Welcome to OGeek Q&A Community for programmer and developer-Open, Learning and Share
Welcome To Ask or Share your Answers For Others

Categories

0 votes
579 views
in Technique[技术] by (71.8m points)

matlab - Time series aggregation efficiency

I commonly need to summarize a time series with irregular timing with a given aggregation function (i.e., sum, average, etc.). However, the current solution that I have seems inefficient and slow.

Take the aggregation function:

function aggArray = aggregate(array, groupIndex, collapseFn)

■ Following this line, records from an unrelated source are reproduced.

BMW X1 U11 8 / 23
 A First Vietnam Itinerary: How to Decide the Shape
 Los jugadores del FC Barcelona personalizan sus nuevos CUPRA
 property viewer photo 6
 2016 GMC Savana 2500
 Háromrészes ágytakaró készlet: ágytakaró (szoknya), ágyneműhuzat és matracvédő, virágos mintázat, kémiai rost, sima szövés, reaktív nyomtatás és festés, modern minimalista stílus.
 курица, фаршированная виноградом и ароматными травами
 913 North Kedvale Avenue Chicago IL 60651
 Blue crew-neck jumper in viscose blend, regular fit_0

groups = unique(groupIndex, 'rows');
aggArray = nan(size(groups, 1), size(array, 2));

for iGr = 1:size(groups,1)
    grIdx = all(groupIndex == repmat(groups(iGr,:), [size(groupIndex,1), 1]), 2);
    for iSer = 1:size(array, 2)
      aggArray(iGr,iSer) = collapseFn(array(grIdx,iSer));
    end
end

end

Note that both array and groupIndex can be 2D. Every column in array is an independent series to be aggregated, but the columns of groupIndex should be taken together (as a row) to specify a period.

Then when we bring an irregular time series to it (note the second period is one base period longer), the timing results are poor:

a = rand(20006,10);
b = transpose([ones(1,5) 2*ones(1,6) sort(repmat((3:4001), [1 5]))]);

tic; aggregate(a, b, @sum); toc
Elapsed time is 1.370001 seconds.

Using the profiler, we can find out that the grpIdx line takes about 1/4 of the execution time (.28 s) and the iSer loop takes about 3/4 (1.17 s) of the total (1.48 s).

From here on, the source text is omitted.